# Joyo PXL8 Pro Switcher



## Big Monk (Aug 18, 2022)

Ladies and Gents. 

I have no schematic from Joyo as of yet but maybe the collective can help me out. 

I found out the hard way last night that my Joyo switcher has an input buffer. Plugging the Monk Face prototype into it made the fuzz sound like shit. No cleanup, all high end gone. Took the fuzz and plugged it straight in and it was glorious as expected. 

I already have a specially tailored buffer on the wah to play nice with the fuzzies and in searching the web, this is a known issue with the Joyo. 

So, I opened it up and Lo and behold:





I’d really love to put the buffer on a switch but with the surface mount stuff, I may need to just pull it all out.


----------



## Big Monk (Aug 19, 2022)

Without the schematic, I have a few ideas:

1.) I believe Omron G5V-1 and any of it's corresponding circuitry are used by the Mute switch to turn on the Tuner jack and Mute the whole switcher. So I believe that can safely stay or be ignored.

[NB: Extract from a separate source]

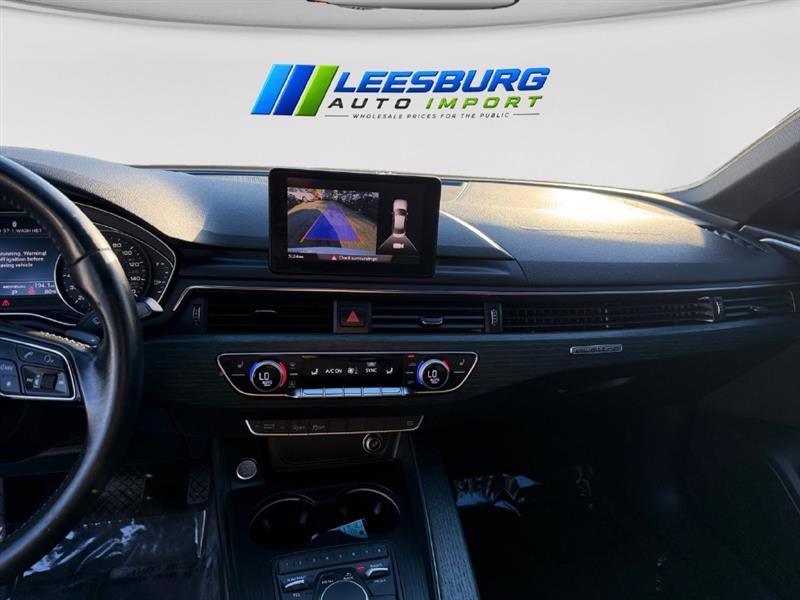 2018 AUDI A4 PREMIUM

2.) I think my efforts in tracing should be centered around the JRC4580. That seems an obvious choice for the buffer. 

3,) As a secondary choice, Q5 may need to be investigated as well, but I have not brought this to the workbench to try and read the case under magnification.

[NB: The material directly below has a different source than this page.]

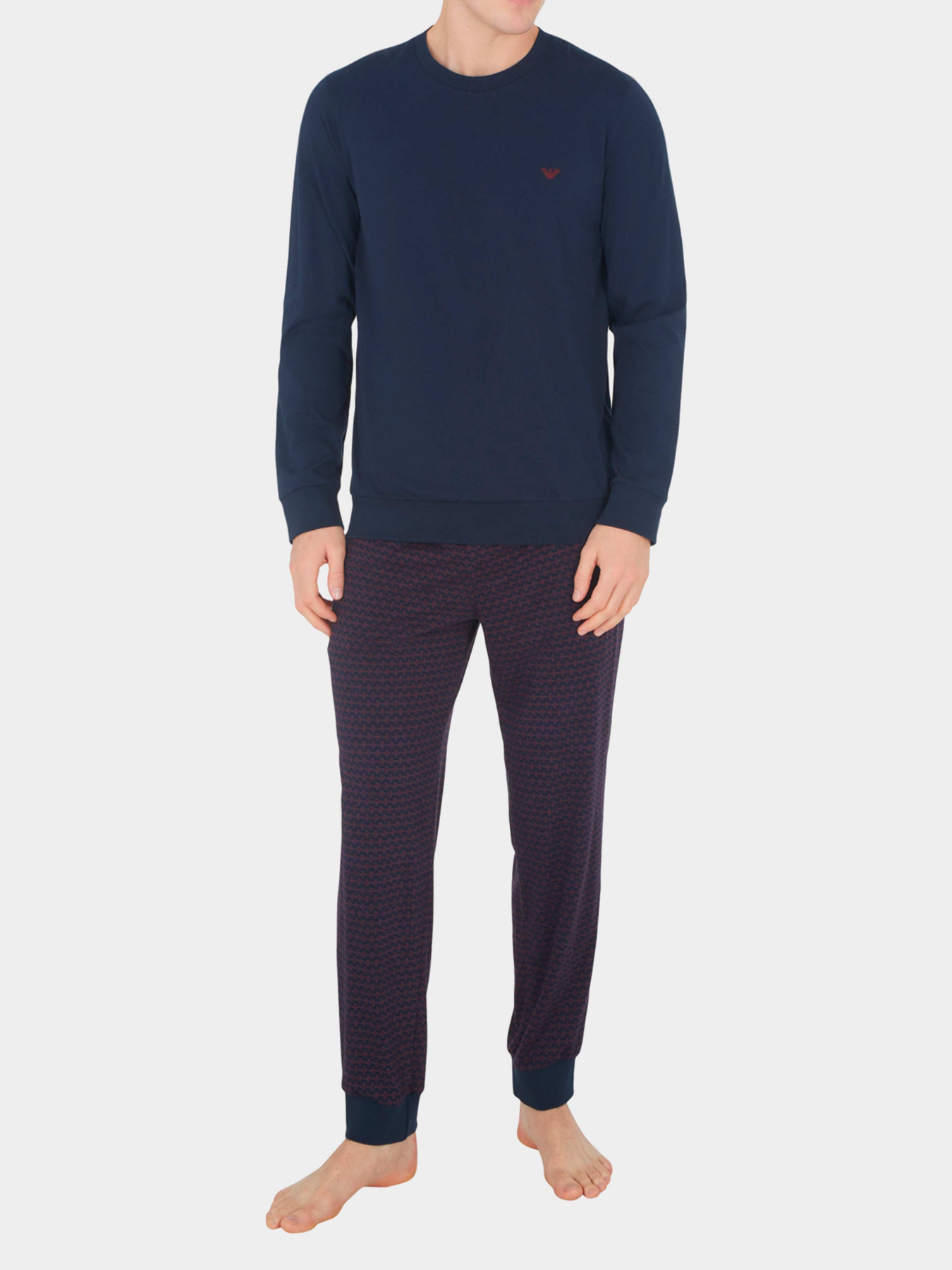 Одежда для дома и сна Emporio Armani модель 111994-3F567-58836 Фото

I have room next to the D Bank footswitch to put a short lever toggle for switching the buffer in and out if that is feasible.


----------



## Big Monk (Aug 19, 2022)

Dear Diary,

Not sure if anyone out there is listening or cares.....(  )

I did some exploratory probing () abd came up with a few things:

1.) The Omron relay is associated specifically with switching the input. I verified the switching contacts are attached to the tip of the global input jack. This makes sense as the switcher allows for Muting of the whole audio chain.

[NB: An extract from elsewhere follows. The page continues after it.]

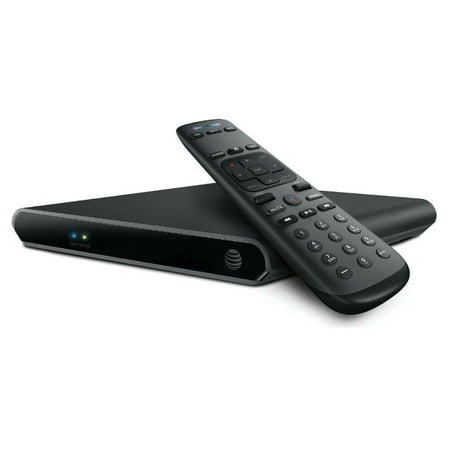 Open Box AT&T TV NOW Streaming Player Osprey Android Hey Google Box model C71KW-400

2.) The next jack over is the Tuner In and the Tip is couple directly to +IN2 of the 4580. So the input for the Tuner is buffer exempt as well.

3.) So the buffer first hits the send of the first loop. So I'll focus my area there. Good news is that there is a through hole film cap there at the input of the buffer and some through hole electros near where I imagine i'll find the output. This means i should be able to easily bypass the buffer on a switch.

BREAKING NEWS!!!!

Pin 7 of the 4580 is connected to a through hole 1uf electro. Which means my input and output path touched a through hole component and I should be able to use a switch to jump around that.


----------



## SillyOctpuss (Aug 19, 2022)

Excellent stuff.   Keep us updated this is definitely relevant to my interests.   I've been looking at the joyo for a while.   We'll to be honest I've been looking at the gigrig quartermaster but those are definitely not in my range at the minute.   I'd be wanting to either remove the buffer or put it on a switch too.


----------



## Big Monk (Aug 19, 2022)

This is the only switch I have right now so I am going to test with this and then replace with a short toggle when I order the new replacement jack for the broken Loop 1 send from Tayda.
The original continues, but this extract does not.